Aussi, à chacune de ses visites, elle prend toujours soin de tourner le dos à cette étagère, pour éviter de voir le crucifix, de subir sa gifle silencieuse, son implicite mais certain Tu vaux moins que ta mère, tu resteras à jamais dans son ombre. La mère s’en fichait, pourtant. Elle l’avait maintes fois répété, à Sonia comme à son frère, Je vous aime comme vous êtes, quoi que vous fassiez. Elle disait sûrement vrai, ainsi va l’amour maternel. Sonia pense aimer ses enfants de la sorte, encore que l’amour qu’elle leur témoigne n’est pas aussi inconditionnel, elle tient trop à les voir réussir selon ses critères plutôt que selon les leurs, c’est la psy qui lui a fait remarquer. Preuve que même en tant que parent, elle n’égale pas sa mère.

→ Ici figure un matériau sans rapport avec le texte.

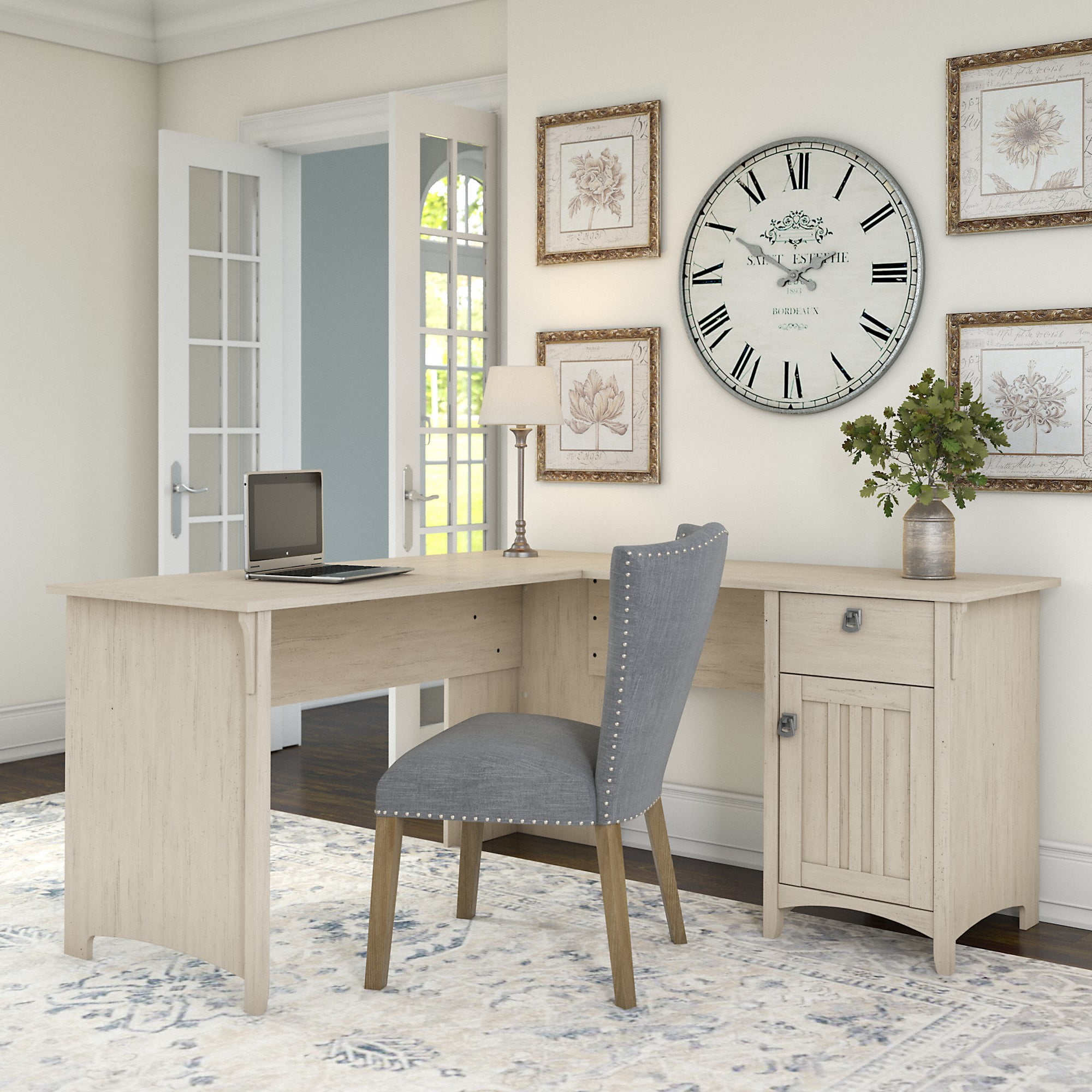 Bush Furniture Salinas 60" L Shaped Desk with Storage, Antique White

Elle se tourne, adresse un regard noir à la mère faussement affairée au-dessus de l’évier. Ce n’est pas de la jalousie qu’elle ressent. C’est de la rancœur. Elle regrette d’avoir eu pour modèle cette perfection inatteignable. Elle déteste que ce modèle s’étende aujourd’hui au domaine de la mort. Car les rares fois où Sonia a osé mentionner le sujet, au cours de discussions tardives avec Paul, c’était pour esquisser des idées similaires : Paul et elle s’étaient jurés de ne pas se laisser devenir des légumes, de ne pas faire souffrir inutilement les autres autour d’eux. Ils s’étaient promis de s’aider à partir s’il le fallait. Au moment d’en parler, Sonia avait senti un vide dans ses entrailles, elle s’était discrètement appuyée à la table pour calmer un vertige ; elle sentait qu’elle n’aurait pas le cran de passer à l’acte, elle espérait que son tour vienne avant celui de Paul pour que ce soit à lui de l’aider et non à elle de gérer les deux morts. Et voilà que la mère arrivait avec son bocal de plantes magiques, voilà qu’elle la devançait encore une fois en clamant en silence J’ai été digne toute ma vie et je le reste jusque dans la mort, pourras-tu en dire autant, ma fille ? Sonia se sent aussi rabaissée que la fois où, dans leurs jeux d’enfants, son frère avait profité d’être plus grand et plus costaud pour la narguer en sautant par-dessus une large flaque de boue, Nanani nanèreuh, toi tu peux pas y arriver euh ! Pierre avait raison, elle ne pouvait pas, ce n’était pas sa faute, mais elle avait essayé quand même, piquée dans son orgueil. Elle s’était étalée de tout son long dans la flaque, la boue lui avait rempli la gorge le nez les oreilles, la mère avait demandé ce qui s’était passé et Sonia avait refusé d’avouer. Les mêmes larmes la submergent aujourd’hui sans vouloir couler, des larmes au goût de terre.